I am trying to create a program that can both transmit and receive via a USB to serial communication. I have learned by research of two files that I will need: a .jar
file containing the actual library, and from what I understand the librxtxSerial.jnilib
, which is a driver?
From the following website I have learned that both of these need to be present in my project in order to begin the serial communication process.
http://rxtx.qbang.org/wiki/index.php/Download
I am using the Eclipse IDE on a mac and cannot seem to get the correct configuration of files in order to make this work. There are no clear answers anywhere on the net and I am hoping that somebody can help clear this up for everybody.
I've used NeuronRobotics nrjavaserial with great success on Linux and Mac OS/X. It embeds a native library into the jar file and then presents a Java interface. It is derived from RXTX and so I'm hoping it won't be a huge change for your project.
MAJOR EDIT
In the interest of saving you some time, here's what I'm doing currently. Note that I'm not using an IDE at this time - this is all command line.

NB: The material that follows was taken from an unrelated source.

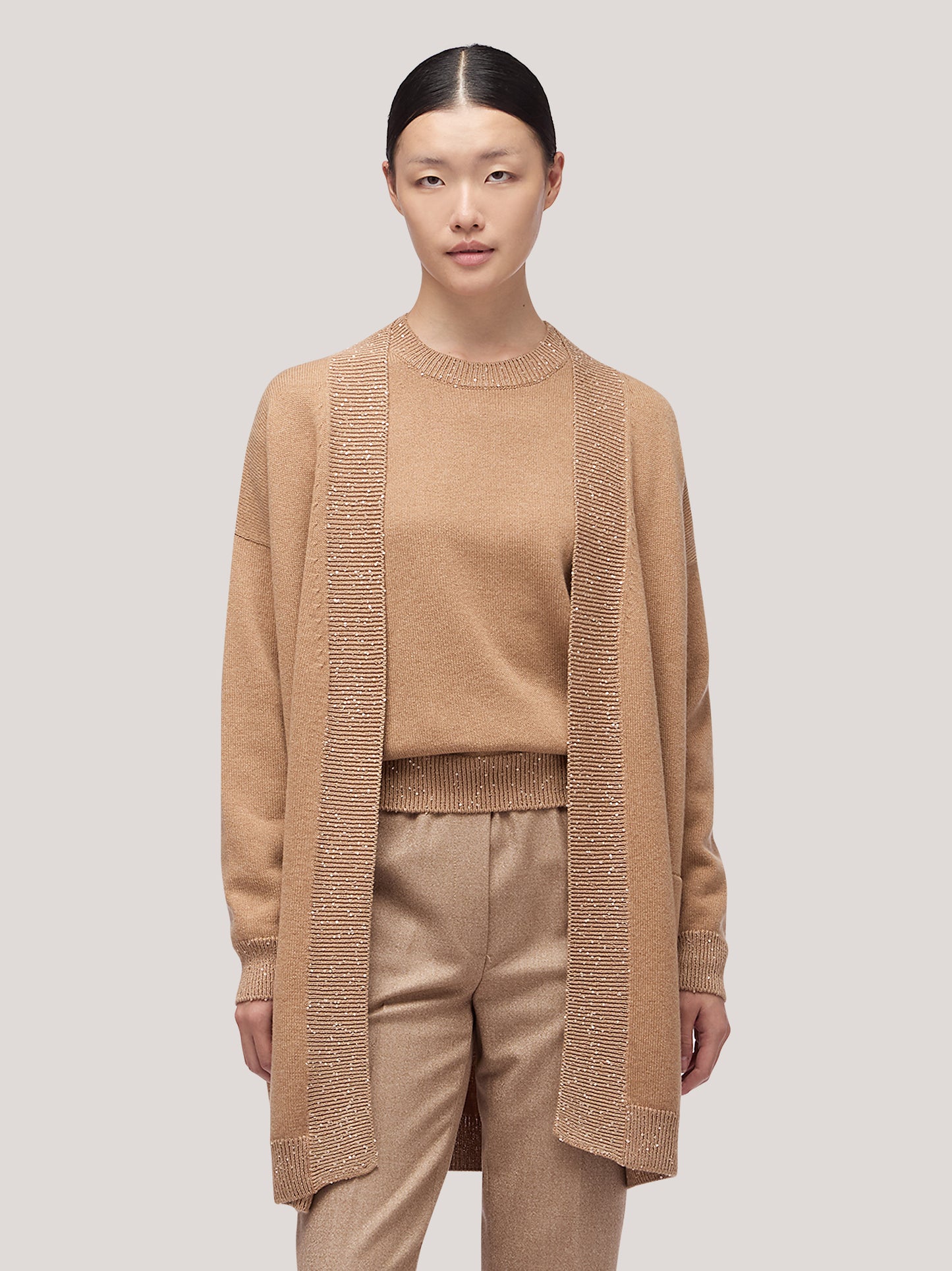 Maglia cardigan donna aperto con inserto paillettes su liste biscotto 250f00_fw256a_846bis 68148326859078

import gnu.io.NRSerialPort;
import gnu.io.UnsupportedCommOperationException;
import java.io.DataInputStream;
import java.io.IOException;
import java.util.Arrays;
public class PulseOximeter {
public static void main( String[] argv ) throws IOException, UnsupportedCommOperationException {
NRSerialPort serial = new NRSerialPort("/dev/rfcomm0", 115200);
serial.connect();
DataInputStream ins = new DataInputStream(serial.getInputStream());
// read the first 10000 bytes a byte at a time
for( int i = 0; i < 10000; i++ ) {
int b = ins.read();
if( b == -1 ) {
System.out.println( "got EOF - going to keep trying" );
continue;
}
}
serial.disconnect();
}
}
and the maven file to build it:
<?xml version="1.0" encoding="UTF-8"?>
<project xmlns="http://maven.apache.org/POM/4.0.0" xmlns:xsi="http://www.w3.org/2001/XMLSchema-instance" xsi:schemaLocation="http://maven.apache.org/POM/4.0.0 http://maven.apache.org/xsd/maven-4.0.0.xsd">
<modelVersion>4.0.0</modelVersion>
<groupId>tld.domainname</groupId>
<artifactId>bluetooth</artifactId>
<version>1.0.0-SNAPSHOT</version>
<packaging>jar</packaging>
<properties>
<java.min.version>1.8</java.min.version>
<maven.min.version>3.2.0</maven.min.version>
<project.build.sourceEncoding>UTF-8</project.build.sourceEncoding>
<resource.directory>src/main/resources</resource.directory>
</properties>
<prerequisites>
<maven>${maven.min.version}</maven>
</prerequisites>
<dependencies>
<dependency>
<groupId>com.neuronrobotics</groupId>
<artifactId>nrjavaserial</artifactId>
<version>3.12.0</version>
</dependency>
</dependencies>
<build>
<finalName>${project.artifactId}</finalName>
<resources>
<resource>
<directory>${resource.directory}</directory>
<filtering>true</filtering>
</resource>
</resources>
<plugins>
<plugin>
<groupId>org.apache.maven.plugins</groupId>
<artifactId>maven-compiler-plugin</artifactId>
<version>3.3</version>
<configuration>
<source>${java.min.version}</source>
<target>${java.min.version}</target>
<showDeprecation>true</showDeprecation>
<showWarnings>true</showWarnings>
<compilerArgument>-Xlint:all</compilerArgument>
</configuration>
</plugin>
</plugins>
</build>
</project>
This is code for the Linux version - the biggest change will be the serial port name (the "/dev/rfcomm0") part. I don't have my Mac here so I'm sorry I forget the name of the Mac device but it is in /dev - something with Bluetooth if I remember correctly.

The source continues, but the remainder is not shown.